By Laura J. King, MD
Dr. King serves on OMIC's Board of Directors and is a member of OMIC's Finance Committee and the Academy/OMIC Insurance & Marketing Committee. She practices ophthalmology in Atlanta, GA.
[Digest, Summer, 1999]
We all know by now that men and women are from different planets, so it comes as no surprise that researchers have found significant differences in the way they communicate. By understanding the role that gender plays in communication styles, research data suggests that we can improve our interpersonal relationships. But what about our professional relationships? Are the different communication styles of women and men carried over into medical practice, and is one style more positively correlated with patient satisfaction than another? Are there any differences in the medical malpractice claims experience of men and women ophthalmologists?

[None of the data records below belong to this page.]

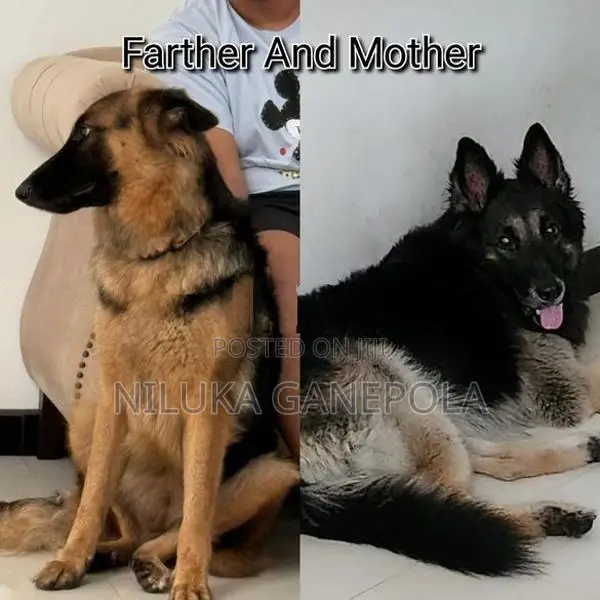 German Shepherd Puppies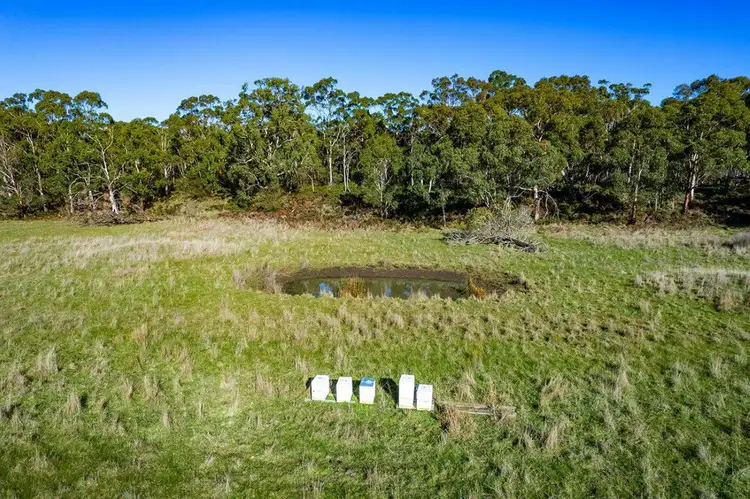 Seventh view of Homely rural property listing, Lake Gorrie Road, Macarthur VIC 3286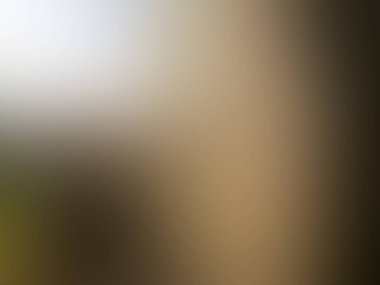 modern gradyan bulanık arkaplan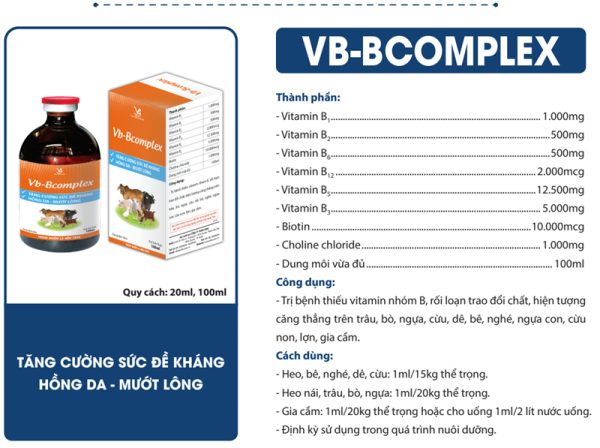 VB Bcomplex - Hộp 10 lọ - Ảnh 5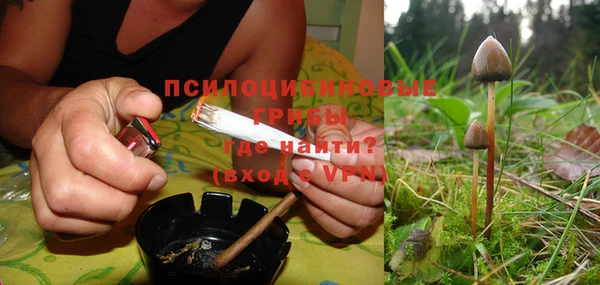 СК Лиски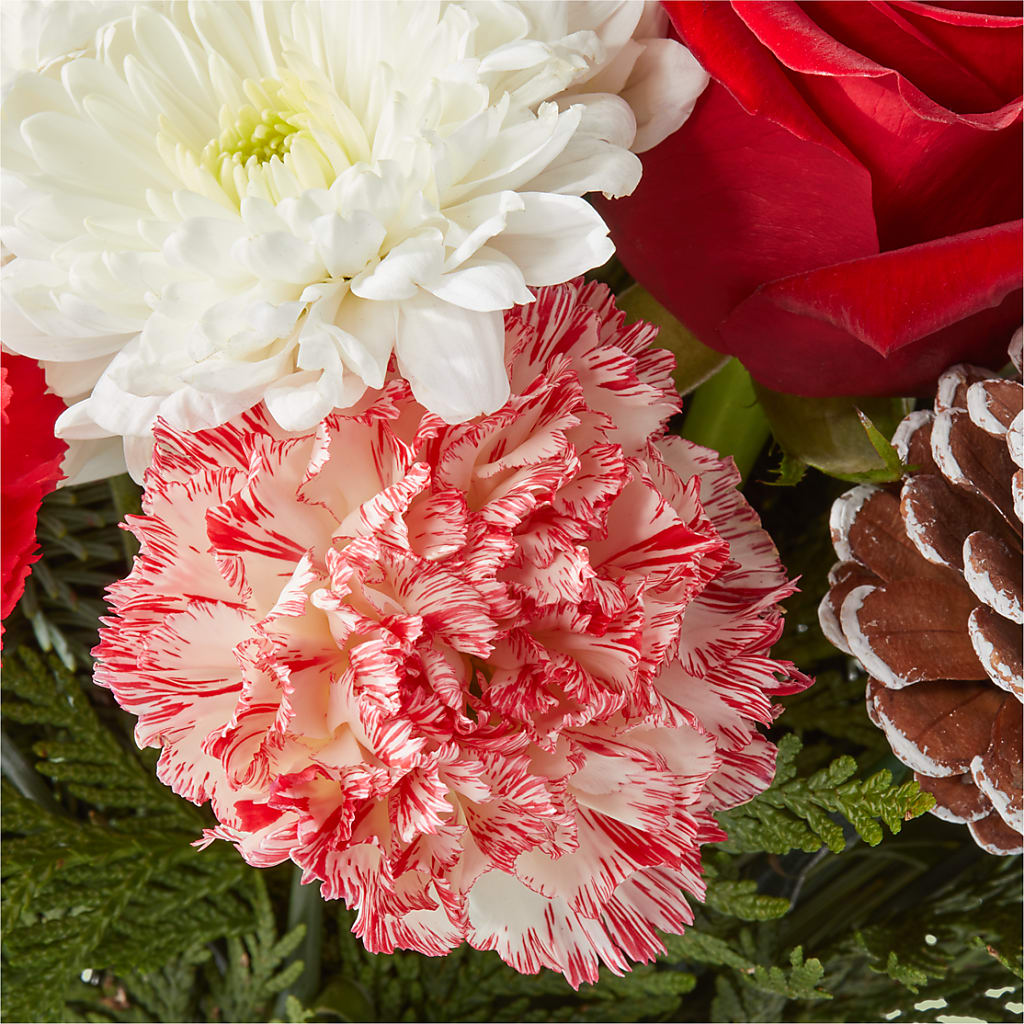 Candy Cane Lane Bouquet –  Verona Florist, Woodbridge ON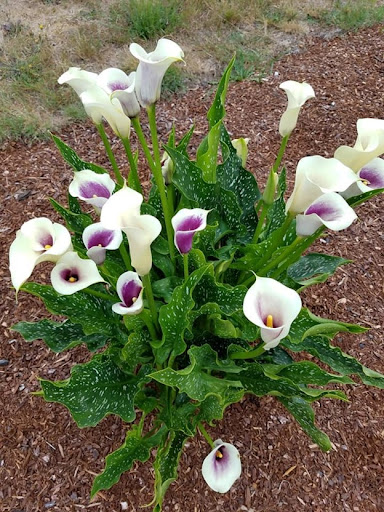 Pacific View Memorial Gardens & Crematory - Thumbnail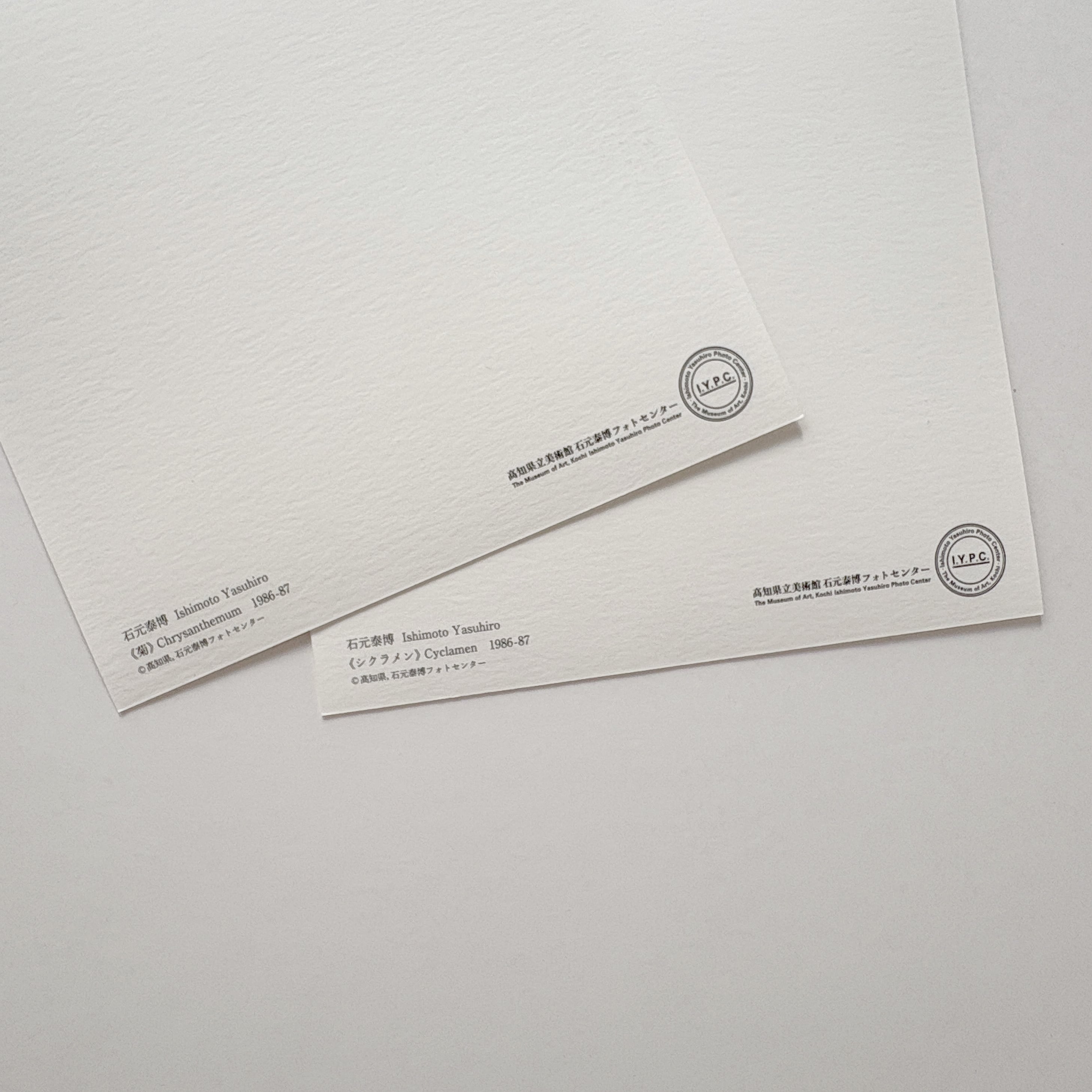 石元泰博〈HANA〉ポストカード 12枚入 | defontedesign store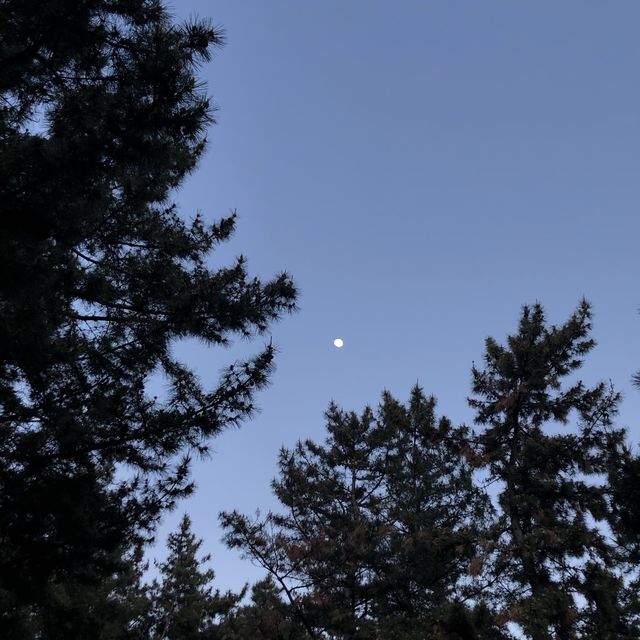 [속초] 봄 밤의 속초 해수욕장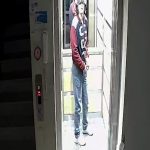 Adana’da apartmandan kuş çaldı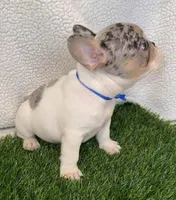 Corazon , a male French Bulldog for sale in Austin, TX – Photo 3 of 4
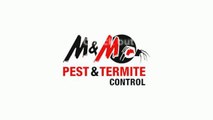 Sydney, AU General Pest Control - Benefits of Hiring a Professional Pest Control Company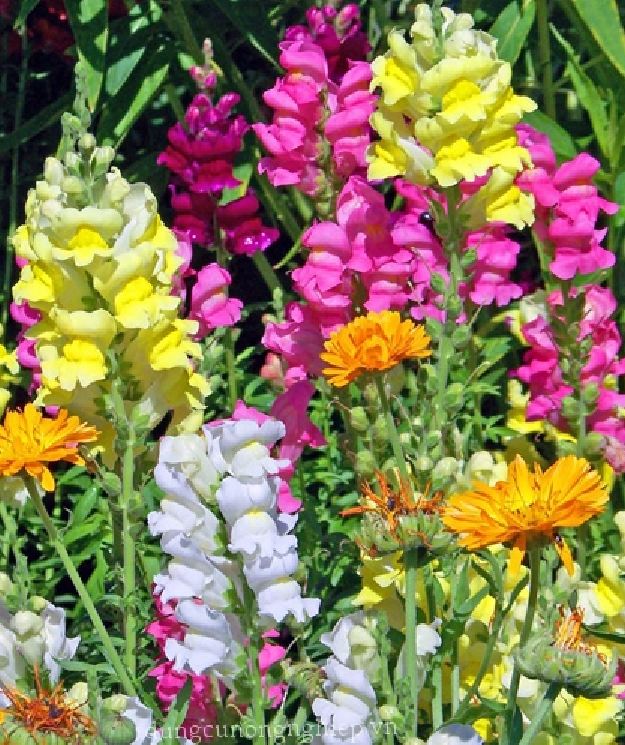 Hạt giống hoa mõm sói mix nhiều màu - 100 hạt/gói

Much has been written about the importance of communication in avoiding medical malpractice suits. Communication and rapport are at the heart of the physician-patient relationship, and patient dissatisfaction with either the physician-patient relationship or the medical outcome is associated with medical malpractice suits.
Recently, OMIC began studying gender differences in the claims experience of ophthalmologists. A review of more than 1,000 OMIC claims over 11 years found 40 in which a woman ophthalmologist was the sole OMIC defendant. Men ophthalmologists were more than twice as likely to have been sued than women ophthalmologists. Additionally, once sued, men ophthalmologists were nearly twice as likely to close the suit with an indemnity payment either through settlement or jury award. (Assumes the distribution of OMIC women insureds by state, claims-made maturity, and severity classification are the same as the total OMIC population, and that the current year's proportion of OMIC insureds who are women is the same for all prior years.) In OMIC's experience, women ophthalmologists appear to have fewer suits in which they are the sole OMIC defendant, and the suits they have are more likely to be closed without an indemnity payment.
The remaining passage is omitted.